"Das ist Pflege für die Seele und Balsam für die Atemwege", sagt Judit Klaindl vom gleichnamigen Bienenhof in Unterrettenbach (Gemeinde Sinabelkirchen) und drückt auf den Knopf eines gelben Gerätes, das am oberen Ende eines Bienenstocks montiert ist. So laut es vor der Bienenhütte summt und brummt, so still ist es im Inneren der Hütte. Nur ein Atemgeräusch ist zu hören. Es kommt von einem Mann, der neben Judit Klaindl in einem beigen Massagesessel Platz genommen hat.
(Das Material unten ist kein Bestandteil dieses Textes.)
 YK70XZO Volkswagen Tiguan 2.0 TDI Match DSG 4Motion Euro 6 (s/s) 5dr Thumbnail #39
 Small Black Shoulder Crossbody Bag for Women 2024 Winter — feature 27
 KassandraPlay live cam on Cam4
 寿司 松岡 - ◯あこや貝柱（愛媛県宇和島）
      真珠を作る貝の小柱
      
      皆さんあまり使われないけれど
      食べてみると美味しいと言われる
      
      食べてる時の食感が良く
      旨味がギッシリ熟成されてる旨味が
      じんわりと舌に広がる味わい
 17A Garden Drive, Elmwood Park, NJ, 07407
Der Mann hält sich eine blaue Inhalationsmaske an das Gesicht.
Die Maske ist mit dem Bienenstock durch einen langen Schlauch verbunden und mündet in das gelbe Gerät. "Das ist unser Beecura", sagt Klaindl und zeigt auf das Gerät am Bienenstock. "Und das ist Franz" – sie deutet auf den Herren im Massagesessel. Franz Braun blickt kurz auf und nickt. Dann widmet er sich wieder seiner Inhalation. Gleichmäßig atmet er ein und aus. Was für Außenstehende ungewöhnlich anmutet, ist für den 69-Jährigen aus Pöngraben bei Ilz bereits Usus. Seit drei Jahren kommt er regelmäßig an den Hof, um Bienenluft zu schnuppern, oder, wie es Judit Klaindl es nennt, "Eine Wellnesskur mit Bienenluft" zu machen.
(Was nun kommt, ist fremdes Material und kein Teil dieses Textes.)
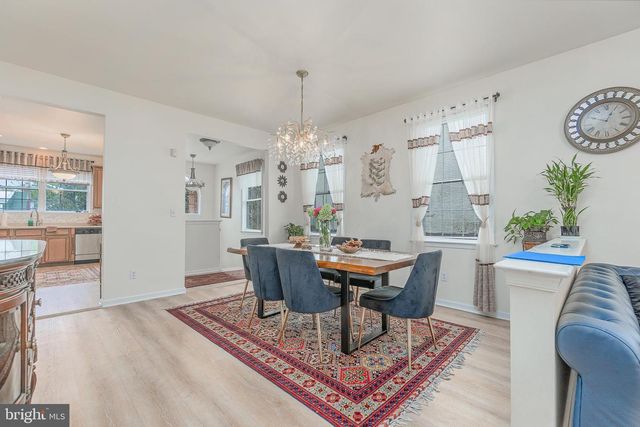 321 FOUNTAIN ST, Philadelphia, PA 19128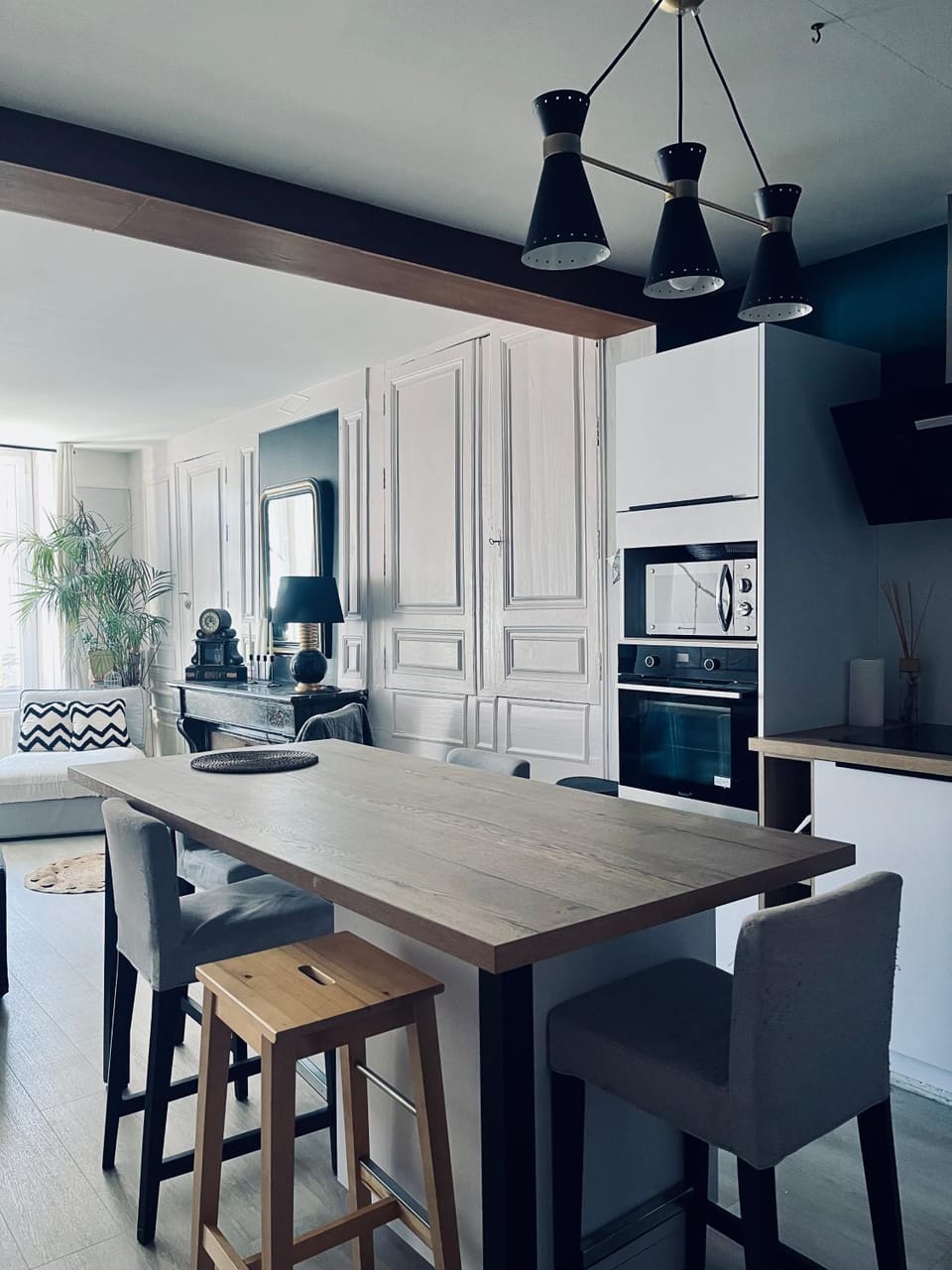 Living room, kitchen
"Ich habe COPD", sagt Franz Braun. "Als ich von der Bienenluft-Kur gehört habe, habe ich zu mir gesagt, Franz, das probierst du einmal aus. Und ich bin dabeigeblieben." Für einen kurzen Moment hat er die Maske abgenommen. "Es tut mir einfach gut, der Hustenreiz wird vermindert und die Atemwege fühlen sich freier an", fügt er hinzu und führt die Maske wieder an den Mund.
Vom Geheimnis zum Geheimtipp
Nicht nur Menschen mit Atemwegserkrankungen kommen auf den Hof, auch Pollenallergiker, Menschen mit Immunschwäche oder jene, die an Migräne leiden. "Die Rückmeldungen sind durch die Bank positiv", sagt Karl Klaindl. Seit 2017 bieten er und seine Frau am Bienenhof nicht nur Honig, Bienenwachstücher und Co. an, sondern eben auch Wellness mit Bienenluft. "In einem Magazin haben wir darüber gelesen, und da sind wir neugierig geworden", erzählt der Imker. Nach einem Vortrag in Klosterneuburg war klar, das wolle man einmal ausprobieren. Eigentlich nur für die Familie selbst. Doch die Wellnesskur am Bienenstock hat sich rasch herumgesprochen und avancierte vom Geheimnis zum Geheimtipp. "Die Anfragen sind so gestiegen, dass wir bald ein Gewerbe angemeldet haben", sagt Klaindl. Mittlerweile kommen rund 40 Menschen pro Saison an den Bienenhof, um sich eine Portion Bienenluft abzuholen. Und wie riecht die eigentlich? "Es ist ein Gemisch aus Honig, Wachs, Propolis und Blütenpollen", beschreibt es Franz Braun.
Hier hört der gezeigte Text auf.